* What you have to do
All that is wanted is a word-for-word retyping of the lines from the one containing "这个板块彻底火了！下一只有望大涨的公司浮现" through the end of the material below.

* Materials provided
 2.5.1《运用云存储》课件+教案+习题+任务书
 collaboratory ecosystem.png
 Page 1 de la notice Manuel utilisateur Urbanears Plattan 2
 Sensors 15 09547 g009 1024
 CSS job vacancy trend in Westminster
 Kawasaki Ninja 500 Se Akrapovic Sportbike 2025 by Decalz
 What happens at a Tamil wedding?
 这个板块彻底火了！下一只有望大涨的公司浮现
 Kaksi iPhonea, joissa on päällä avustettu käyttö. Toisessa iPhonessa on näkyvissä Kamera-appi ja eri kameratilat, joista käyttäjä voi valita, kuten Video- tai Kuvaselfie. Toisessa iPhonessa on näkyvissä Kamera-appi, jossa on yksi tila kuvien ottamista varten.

* Answer for the task
 这个板块彻底火了！下一只有望大涨的公司浮现
 Kaksi iPhonea, joissa on päällä avustettu käyttö. Toisessa iPhonessa on näkyvissä Kamera-appi ja eri kameratilat, joista käyttäjä voi valita, kuten Video- tai Kuvaselfie. Toisessa iPhonessa on näkyvissä Kamera-appi, jossa on yksi tila kuvien ottamista varten.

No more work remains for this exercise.